YOUR SOLIN GENERATED RECIPE
Pesto Chicken Pasta with Sun-Dried Tomatoes
Sautéed chicken breast tossed with whole wheat penne and a vibrant basil pesto, featuring sun-dried tomatoes for a concentrated burst of savory flavor.
INGREDIENTS
4 oz chicken breast
1.25 oz whole wheat penne pasta
1 tbsp basil pesto
1 tbsp sun-dried tomatoes
1 cup baby spinach
1 tsp extra virgin olive oil
0.25 tsp sea salt
0.25 tsp black pepper
1 tbsp grated parmesan cheese
PREPARATION
Bring a pot of salted water to a boil and cook the whole wheat penne according to package directions until al dente.
While the pasta cooks, season the chicken breast pieces with sea salt and black pepper.

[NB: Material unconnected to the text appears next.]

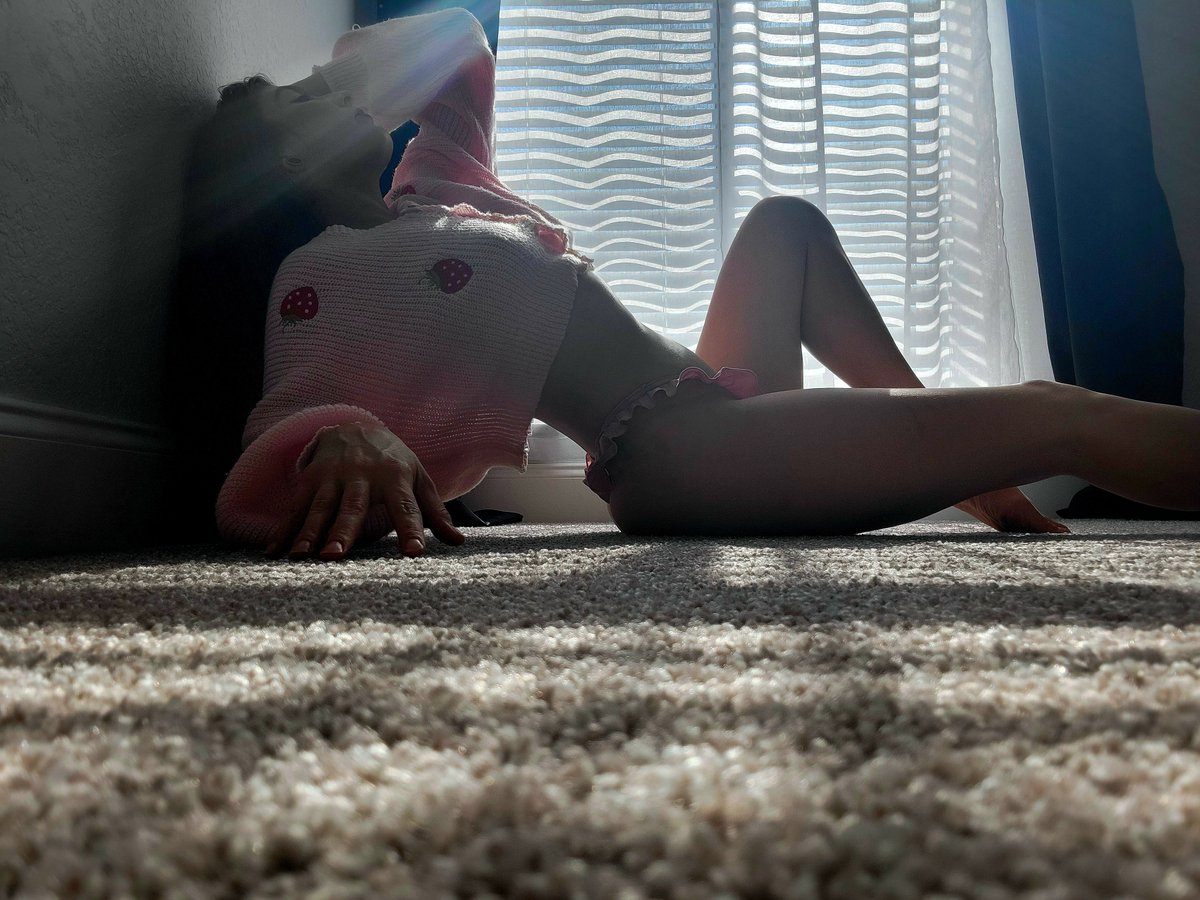 LadyFaera's tweet photo. https://t.co/F9e9kDBflk 

#onlyfans #sugarbabies #brats #feet https://t.co/AfB53DuKsM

Heat the extra virgin olive oil in a large skillet over medium-high heat and sear the chicken until golden brown and cooked through.
Lower the heat to medium and stir in the sun-dried tomatoes and baby spinach, cooking until the spinach is just wilted.
Drain the pasta, reserving a splash of pasta water, and add the pasta to the skillet with the chicken and vegetables.
Stir in the basil pesto and the reserved pasta water, tossing everything together until well coated.
Serve immediately topped with a sprinkle of grated parmesan cheese.